Steven Soderbergh's retro-funk update of the original Rat Pack movie Ocean's Eleven is a vivacious, quirky, throwaway crime-comedy about the seemingly impossible heist of $160 million from three of Las Vegas' biggest casinos. It's everything the 1960 original wanted to be while avoiding the sloppiness that was inherent to a project completely subverted to the whim of Frank Sinatra, Dean Martin, Peter Lawford, and Sammy Davis Jr.'s egos. Soderbergh gives his film the same neo-'70s zip that drove Out of Sight (1998), and while it's not as good a movie, it's certainly an instance in which the remake outshines the original.

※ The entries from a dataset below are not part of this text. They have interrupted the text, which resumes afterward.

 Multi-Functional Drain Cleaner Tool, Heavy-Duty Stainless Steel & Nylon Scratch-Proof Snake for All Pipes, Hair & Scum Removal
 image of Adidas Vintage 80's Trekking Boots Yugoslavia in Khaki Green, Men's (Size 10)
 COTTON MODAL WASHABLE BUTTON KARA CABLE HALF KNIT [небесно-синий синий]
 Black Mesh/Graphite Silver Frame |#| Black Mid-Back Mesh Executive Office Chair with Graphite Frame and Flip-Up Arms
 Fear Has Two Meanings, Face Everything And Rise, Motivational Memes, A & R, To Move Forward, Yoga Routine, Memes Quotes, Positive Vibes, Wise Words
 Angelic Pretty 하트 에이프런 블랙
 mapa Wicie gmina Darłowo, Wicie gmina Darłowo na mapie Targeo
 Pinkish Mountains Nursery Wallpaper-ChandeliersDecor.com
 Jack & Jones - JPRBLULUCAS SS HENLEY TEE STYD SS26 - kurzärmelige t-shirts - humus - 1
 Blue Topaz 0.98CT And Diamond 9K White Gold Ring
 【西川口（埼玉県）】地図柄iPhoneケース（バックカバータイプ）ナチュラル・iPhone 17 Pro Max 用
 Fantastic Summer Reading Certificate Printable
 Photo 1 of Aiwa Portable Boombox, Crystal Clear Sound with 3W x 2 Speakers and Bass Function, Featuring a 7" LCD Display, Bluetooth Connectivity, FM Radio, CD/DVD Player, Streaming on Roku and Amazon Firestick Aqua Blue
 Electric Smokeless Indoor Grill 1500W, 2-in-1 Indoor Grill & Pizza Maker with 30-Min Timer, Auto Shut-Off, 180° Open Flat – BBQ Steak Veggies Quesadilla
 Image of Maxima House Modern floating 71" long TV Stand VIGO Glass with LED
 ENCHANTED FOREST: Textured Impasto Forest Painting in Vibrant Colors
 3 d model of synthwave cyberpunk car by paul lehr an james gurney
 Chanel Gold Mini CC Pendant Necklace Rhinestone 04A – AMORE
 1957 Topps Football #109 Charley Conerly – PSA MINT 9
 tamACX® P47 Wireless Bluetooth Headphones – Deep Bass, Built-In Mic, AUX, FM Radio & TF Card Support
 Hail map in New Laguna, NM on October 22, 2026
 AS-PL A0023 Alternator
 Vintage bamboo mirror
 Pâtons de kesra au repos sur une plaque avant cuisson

Updated by screenwriter Ted Griffin (Ravenous), Ocean's Eleven plays gleefully with the conventions of the heist genre, studiously avoiding any pretensions at seriousness or even plausibility. The heist performed here is so complicated and so reliant on predicting human behavior that there isn't a chance in hell it could ever work in real life. But, then again, that's what makes it so cinematically pleasing. This is the kind of movie that catches you in its pulse and takes you along with it, like it or not. It's an effervescent ride, though--fast, giddy, and over before you know it.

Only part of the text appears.